▶ Required action: Set the material down again exactly, line by line, skipping each picture.

▶ The data:
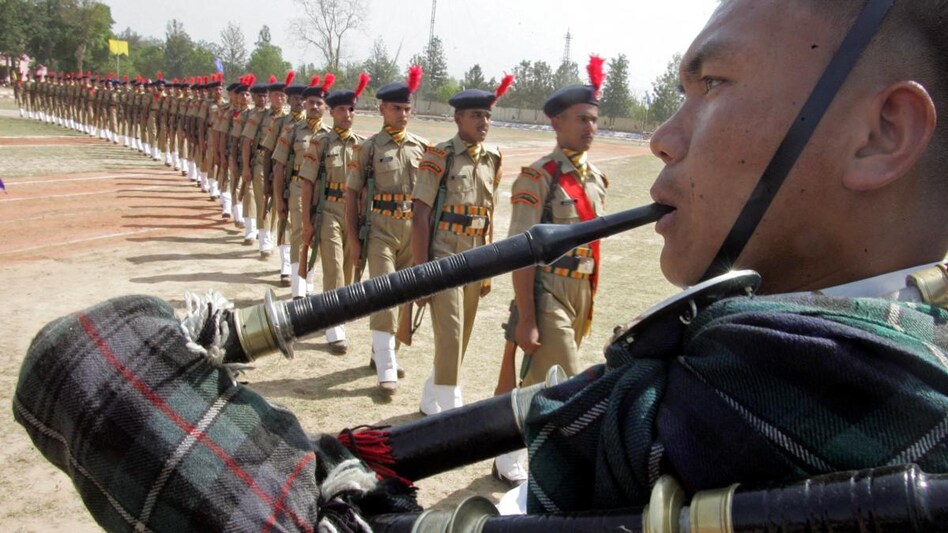 A band member from the Gurkha regiment of Indian Army plays a musical instrument during the passing out parade ceremony of Indo-Tibetan Border Police A band member from the Gurkha regiment of Indian Army plays a musical instrument during the passing out parade ceremony of Indo-Tibetan Border Police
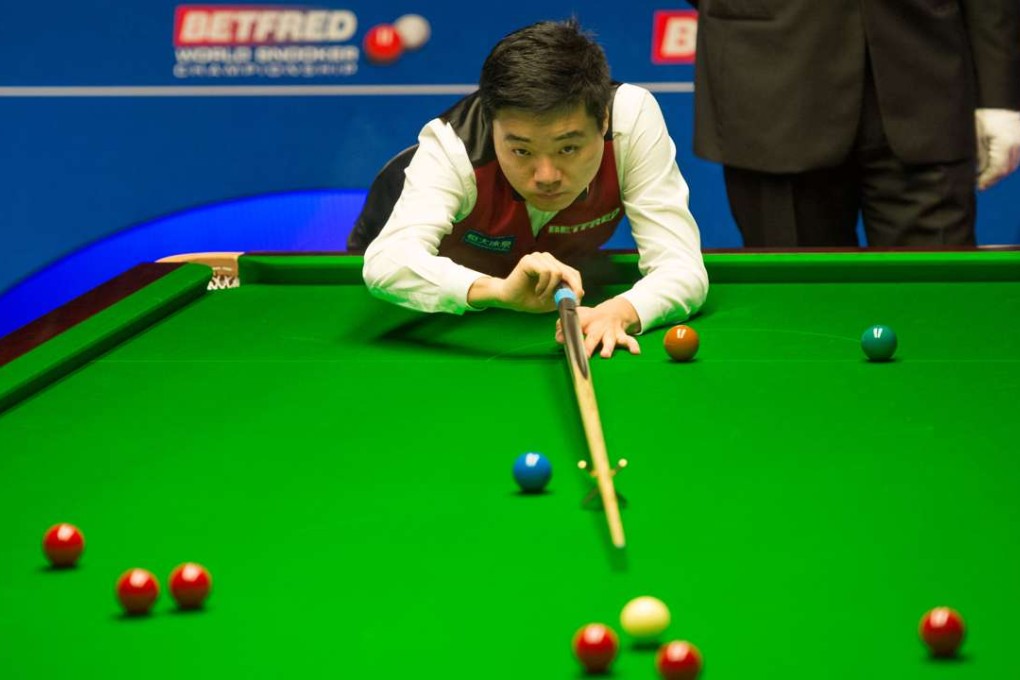 Ding Junhui of China competes during the second-round match against Judd Trump of England at the Crucible Theatre in Sheffield, England. Ding won 13-10. Photo: Xinhua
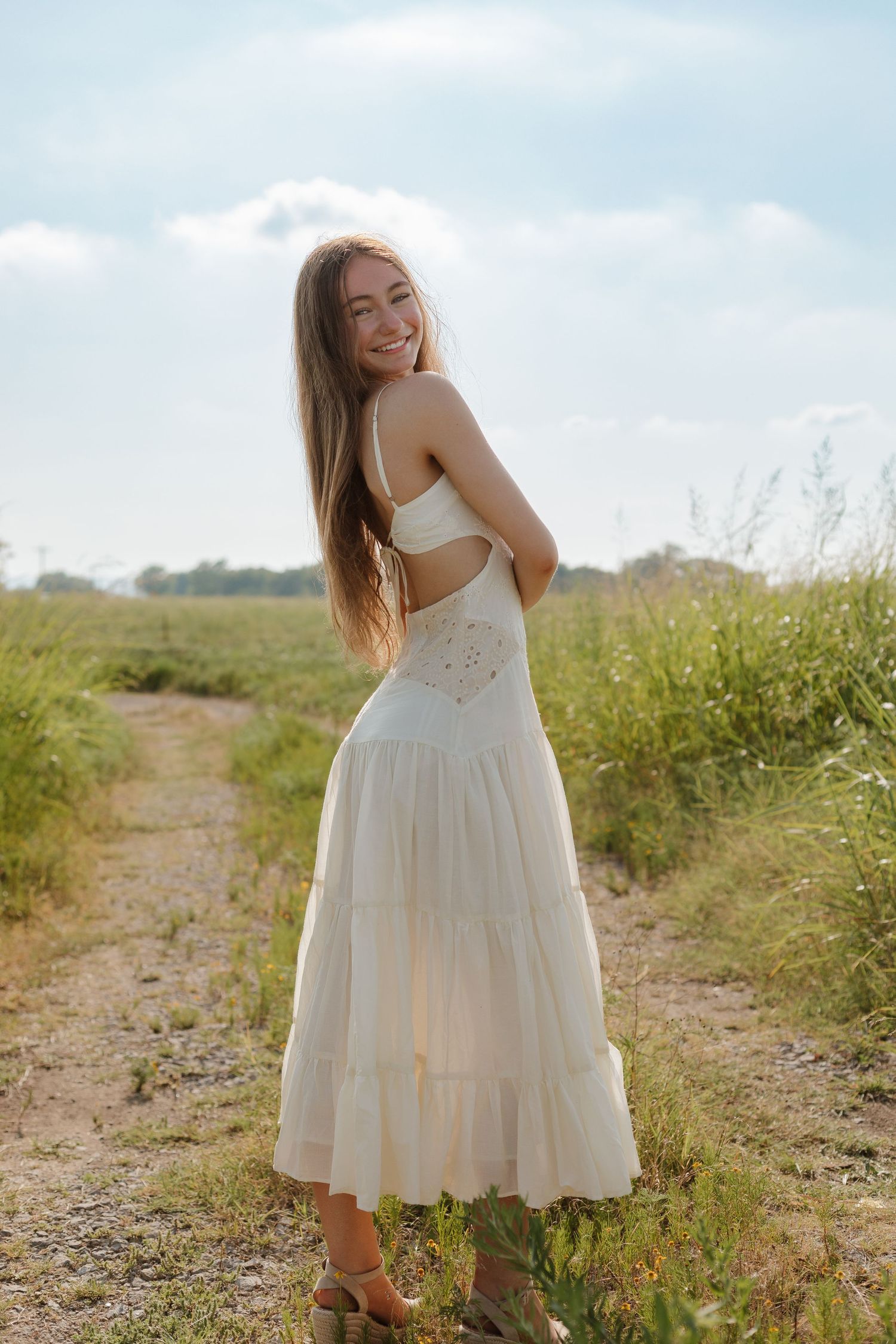 A flowing white summer dress photographed on a dirt path through a sunny meadow.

▶ Task solution:
 A band member from the Gurkha regiment of Indian Army plays a musical instrument during the passing out parade ceremony of Indo-Tibetan Border Police A band member from the Gurkha regiment of Indian Army plays a musical instrument during the passing out parade ceremony of Indo-Tibetan Border Police
 Ding Junhui of China competes during the second-round match against Judd Trump of England at the Crucible Theatre in Sheffield, England. Ding won 13-10. Photo: Xinhua
 A flowing white summer dress photographed on a dirt path through a sunny meadow.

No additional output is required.